Экономист изучает способы распоряжения редкими ресурсами. Ему интересно то, как из различной степени редкости благ вытекает ценностное соотношение между ними. Ему интересно, как на это соотошение влияет изменение степени редкости, вызванное изменением либо целей, либо средств, т.е. либо спроса, либо предложения.
Экономическая наука — это наука, изучающая человеческое поведение с точки зрения соотношения между целями и ограниченными средствами, которые имеют различное употребление (ср.: Menger, Fetter, Strigl, Mayer).
Экономическая наука и экономика, основанная на обмене
Сразу же отметим некоторые важные следствия, которые вытекают из нашего определения. Отвергнутое нами определение экономической науки как исследования причин материального благосостояния можно назвать "классификационным". Оно выделяет некоторые виды человеческого поведения и определяет их как предмет экономической науки.

Соответственно другие виды поведения лежат за его пределами.

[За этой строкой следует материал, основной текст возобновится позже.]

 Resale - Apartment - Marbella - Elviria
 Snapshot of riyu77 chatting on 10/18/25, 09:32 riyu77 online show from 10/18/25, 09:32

Наше определение можно назвать "аналитическим". Мы не пытаемся выбрать отдельные виды поведения, но сосредоточиваем внимание на определённом аспекте поведения, возникающем под влиянием редкости.* Отсюда следует, что любой вид человеческого поведения в той мере, в какой в нем присутствует этот аспект, является предметом обобщений экономической науки. Мы не утверждаем, что производство картофеля — это экономическая деятельность, а производство философских идей — неэкономическая Мы говорим о том, что и тот и другой вид деятельности, поскольку он связан с необходимостью отвергнуть другие заманчивые альтернативы, имеет экономический аспект.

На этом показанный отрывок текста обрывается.